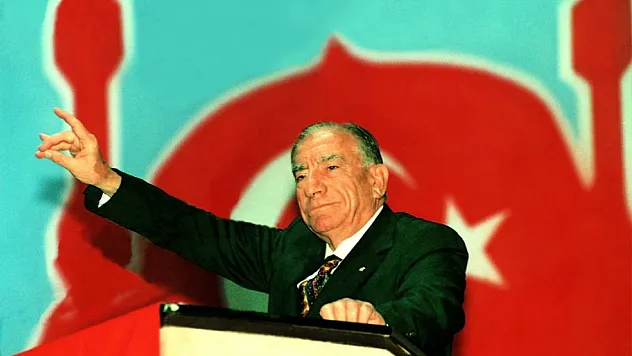 'Başbuğumuz, Türk Milleti'ne Öncü Olmuştur'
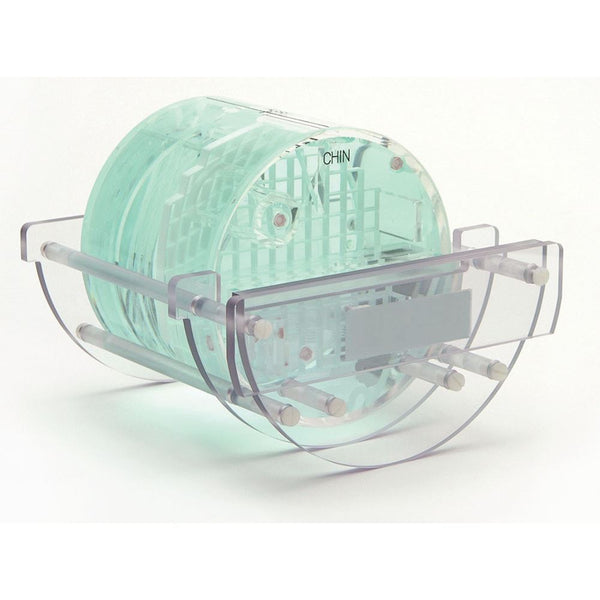 Alimed MRI Phantom Cradles MRI Phantom Cradle, Philips Intera, Gyroscan, ACS/NT, 8-Channel - 937686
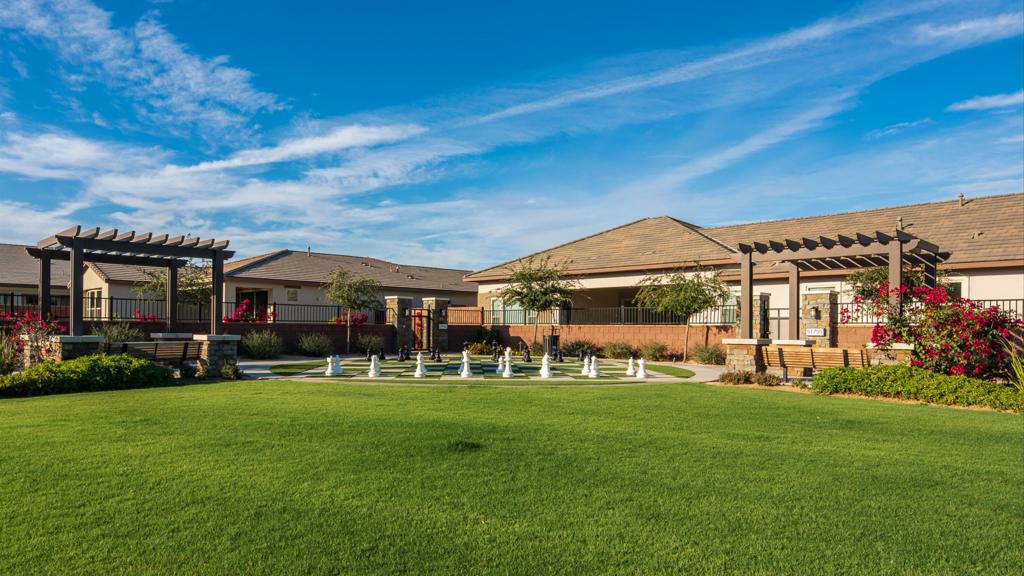 Trilogy Polo Club - Residential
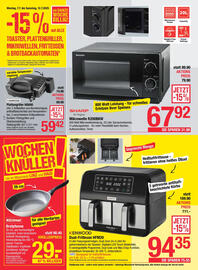 Maximarkt Flugblatt woche 28 Seite 14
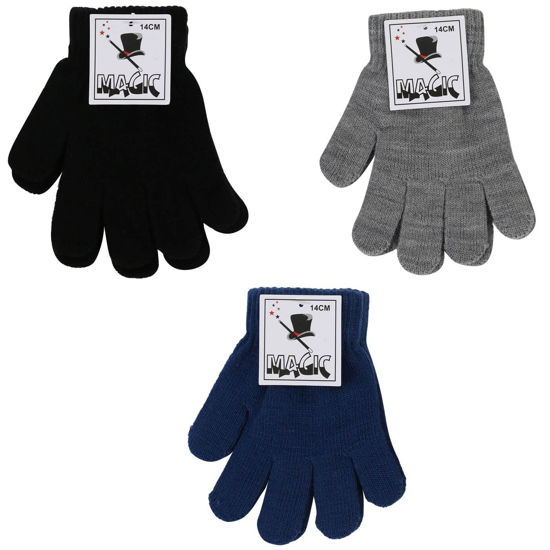 Picture of Finger Gloves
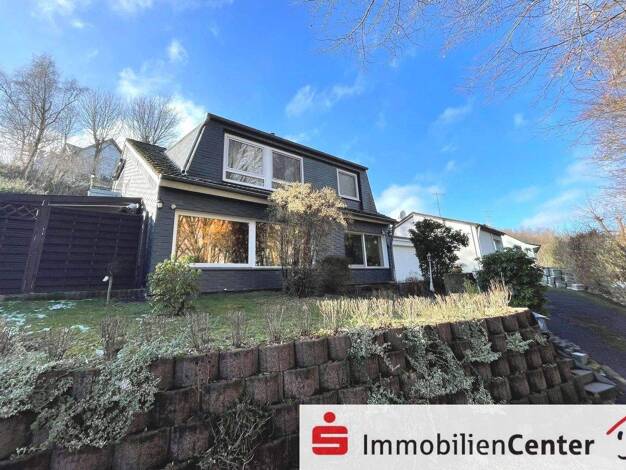 Mehrfamilienhaus zum Kauf 399.000 € 7 Zimmer 205 m² 789 m² Grundstück Nord Remscheid 42855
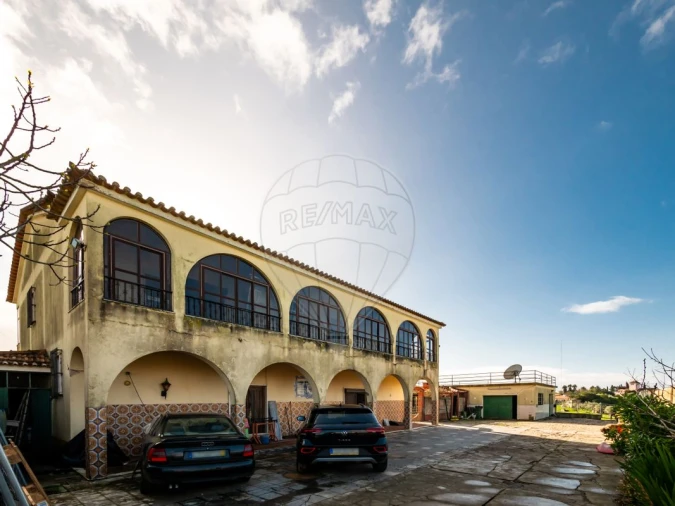 Moradia T6 para Venda em Alhandra, São João dos Montes e Calhandriz Foto 5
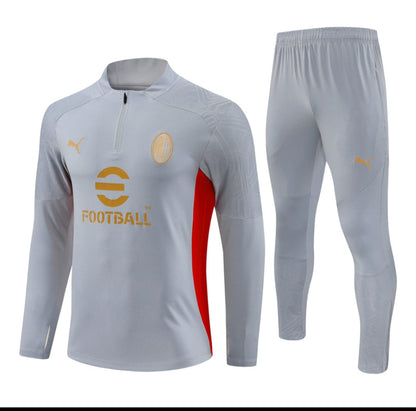 Ac Milan training kit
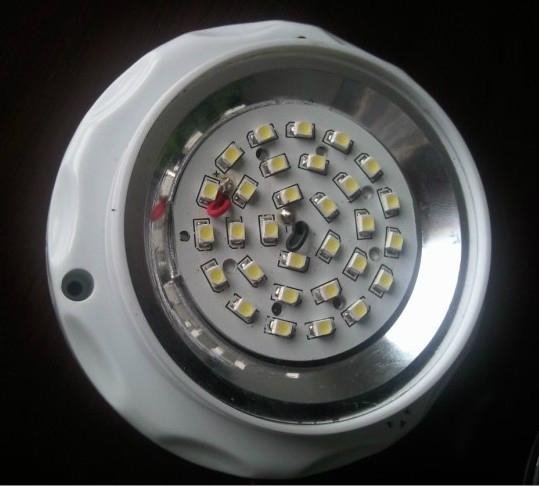 LED声控灯 4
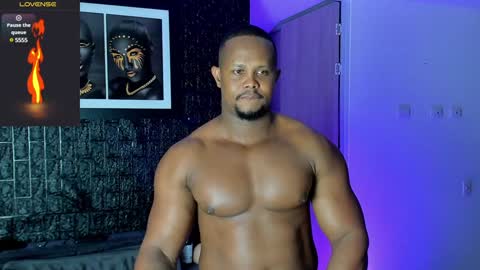 Aaron online show from 12.05.24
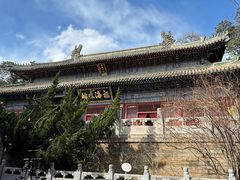 -潭柘寺景区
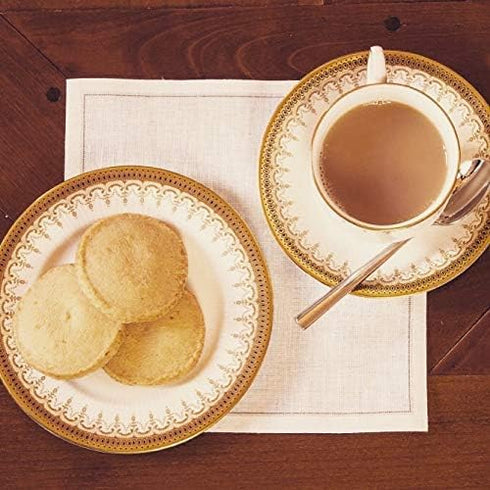 4.8 Oz Walker's Shortbread Highlanders, All-Butter Shortbread Cookies, Box
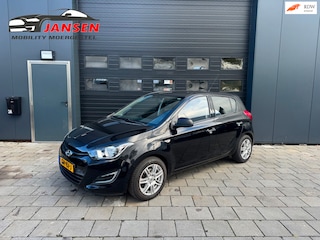 Hyundai i20 1.2i i-Drive | Airco | Nette auto |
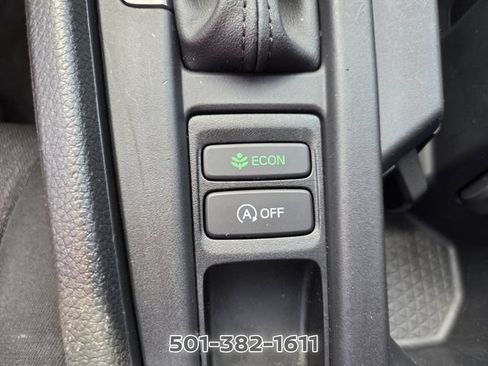 Used 2023 Honda Accord EX image 30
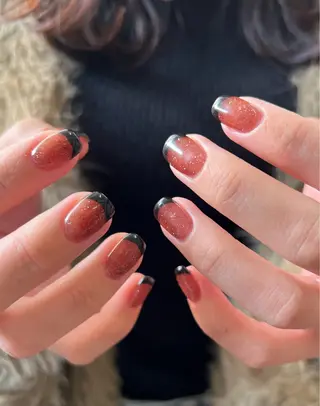 ネイル ヘアメイクネイリスト 💄💅hidemiのヘアスタイル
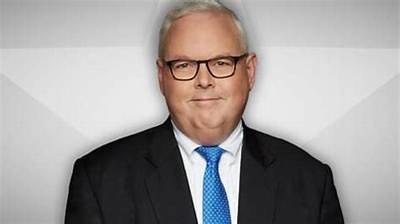 William Mcgurn - Net Worth, Age, Height, Birthday, Bio, Wiki!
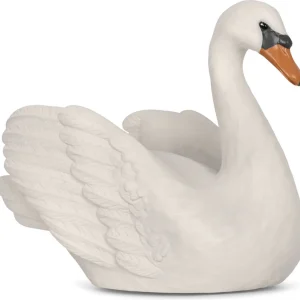 Konges Slojd - Lampe cygne - Beige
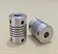 3x6.35mm Flexible Coupling Shaft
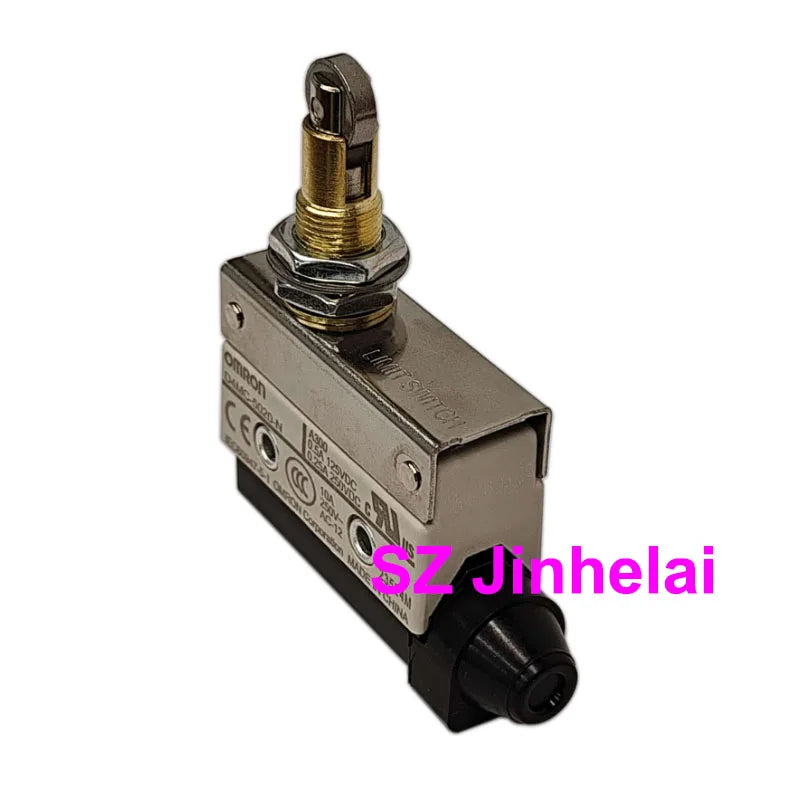 OMRON D4MC-5040-N D4MC-5020-N Authentic Original LIMIT SWITCH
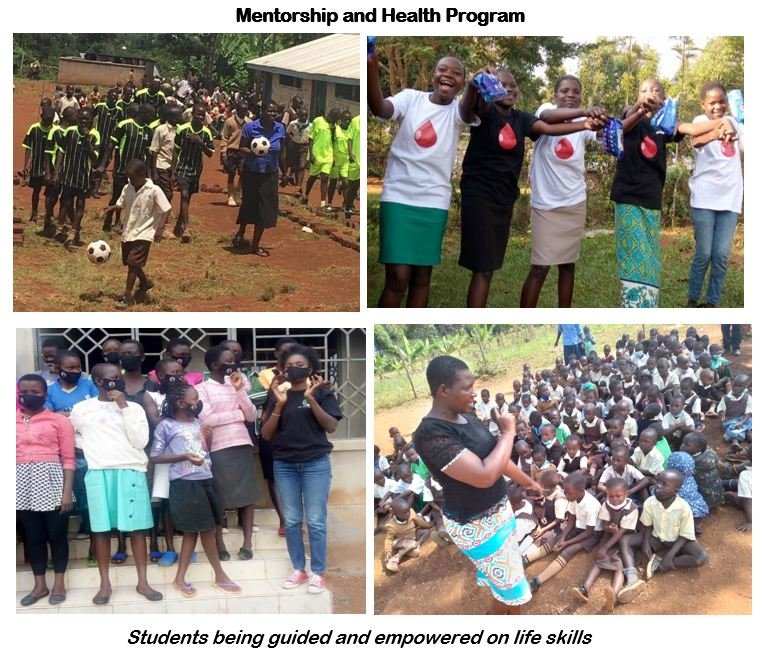 Shelter, Feed&Educate a needy child in Rural Kenya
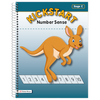 Kickstart: Number Sense © 2021 Grades K–2 Stage C Teacher Guide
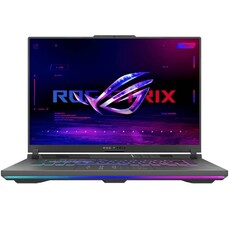 ASUS ROG Strix G16 G614 Gaming Notebook PC - Core i9 14900HX / 16" QHD+ 240Hz / 8GB RAM / 1TB SSD / NVIDIA RTX 4060 8GB / Win 11 Home (G614JVR-I91610G0W)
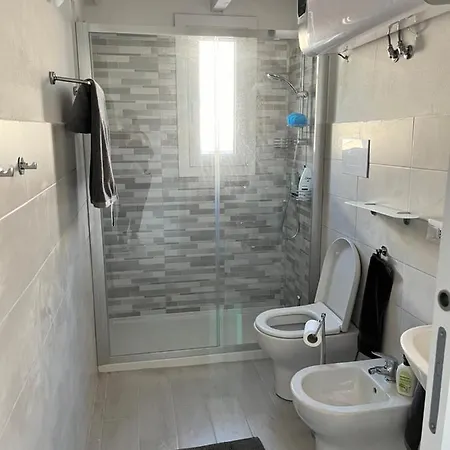 Apartmán Vista Spettacolare Castelsardo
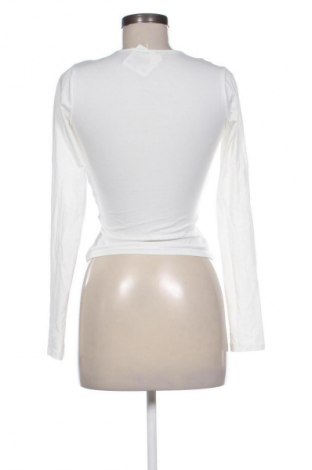 Bluză de femei H&M, Mărime XS, Culoare Alb, Preț 50,00 Lei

──────────

[REQUIRED ACTION]
Exclude the images, then output the data above word for word.

[RESULT]
 'Başbuğumuz, Türk Milleti'ne Öncü Olmuştur'
 Alimed MRI Phantom Cradles MRI Phantom Cradle, Philips Intera, Gyroscan, ACS/NT, 8-Channel - 937686
 Trilogy Polo Club - Residential
 Maximarkt Flugblatt woche 28 Seite 14
 Picture of Finger Gloves
 Mehrfamilienhaus zum Kauf 399.000 € 7 Zimmer 205 m² 789 m² Grundstück Nord Remscheid 42855
 Moradia T6 para Venda em Alhandra, São João dos Montes e Calhandriz Foto 5
 Ac Milan training kit
 LED声控灯 4
 Aaron online show from 12.05.24
 -潭柘寺景区
 4.8 Oz Walker's Shortbread Highlanders, All-Butter Shortbread Cookies, Box
 Hyundai i20 1.2i i-Drive | Airco | Nette auto |
 Used 2023 Honda Accord EX image 30
 ネイル ヘアメイクネイリスト 💄💅hidemiのヘアスタイル
 William Mcgurn - Net Worth, Age, Height, Birthday, Bio, Wiki!
 Konges Slojd - Lampe cygne - Beige
 3x6.35mm Flexible Coupling Shaft
 OMRON D4MC-5040-N D4MC-5020-N Authentic Original LIMIT SWITCH
 Shelter, Feed&Educate a needy child in Rural Kenya
 Kickstart: Number Sense © 2021 Grades K–2 Stage C Teacher Guide
 ASUS ROG Strix G16 G614 Gaming Notebook PC - Core i9 14900HX / 16" QHD+ 240Hz / 8GB RAM / 1TB SSD / NVIDIA RTX 4060 8GB / Win 11 Home (G614JVR-I91610G0W)
 Apartmán Vista Spettacolare Castelsardo
 Bluză de femei H&M, Mărime XS, Culoare Alb, Preț 50,00 Lei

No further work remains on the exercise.